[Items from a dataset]
..........
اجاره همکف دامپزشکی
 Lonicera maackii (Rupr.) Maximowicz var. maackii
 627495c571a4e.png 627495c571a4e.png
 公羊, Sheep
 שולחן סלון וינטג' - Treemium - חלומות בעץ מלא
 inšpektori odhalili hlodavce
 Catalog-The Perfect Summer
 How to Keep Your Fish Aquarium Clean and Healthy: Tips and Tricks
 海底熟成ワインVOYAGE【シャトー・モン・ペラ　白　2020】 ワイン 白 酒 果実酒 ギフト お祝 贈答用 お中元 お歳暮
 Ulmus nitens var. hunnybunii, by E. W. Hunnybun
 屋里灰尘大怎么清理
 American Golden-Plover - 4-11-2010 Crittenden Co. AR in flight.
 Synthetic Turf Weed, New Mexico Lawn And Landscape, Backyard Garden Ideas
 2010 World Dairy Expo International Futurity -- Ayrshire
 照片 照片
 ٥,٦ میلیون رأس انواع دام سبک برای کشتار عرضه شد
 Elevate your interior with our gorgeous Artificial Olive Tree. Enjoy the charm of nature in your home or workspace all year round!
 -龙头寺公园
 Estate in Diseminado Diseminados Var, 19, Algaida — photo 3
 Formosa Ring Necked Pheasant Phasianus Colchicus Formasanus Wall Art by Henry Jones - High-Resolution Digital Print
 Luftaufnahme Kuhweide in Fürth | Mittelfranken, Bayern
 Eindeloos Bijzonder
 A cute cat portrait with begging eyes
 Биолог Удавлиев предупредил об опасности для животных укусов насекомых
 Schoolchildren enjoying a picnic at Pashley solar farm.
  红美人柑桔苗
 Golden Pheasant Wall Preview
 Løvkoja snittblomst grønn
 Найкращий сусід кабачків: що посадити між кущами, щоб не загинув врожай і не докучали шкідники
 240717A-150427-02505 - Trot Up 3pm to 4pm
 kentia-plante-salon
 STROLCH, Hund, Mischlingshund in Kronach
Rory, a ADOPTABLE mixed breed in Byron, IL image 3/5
..........
PROBLEM DETAILS
Transcribe the records above from the line holding "Ulmus nitens var." down to the line holding "Formosa Ring Necked", inclusive, without adding anything.

WRITTEN SOLUTION
 Ulmus nitens var. hunnybunii, by E. W. Hunnybun
 屋里灰尘大怎么清理
 American Golden-Plover - 4-11-2010 Crittenden Co. AR in flight.
 Synthetic Turf Weed, New Mexico Lawn And Landscape, Backyard Garden Ideas
 2010 World Dairy Expo International Futurity -- Ayrshire
 照片 照片
 ٥,٦ میلیون رأس انواع دام سبک برای کشتار عرضه شد
 Elevate your interior with our gorgeous Artificial Olive Tree. Enjoy the charm of nature in your home or workspace all year round!
 -龙头寺公园
 Estate in Diseminado Diseminados Var, 19, Algaida — photo 3
 Formosa Ring Necked Pheasant Phasianus Colchicus Formasanus Wall Art by Henry Jones - High-Resolution Digital Print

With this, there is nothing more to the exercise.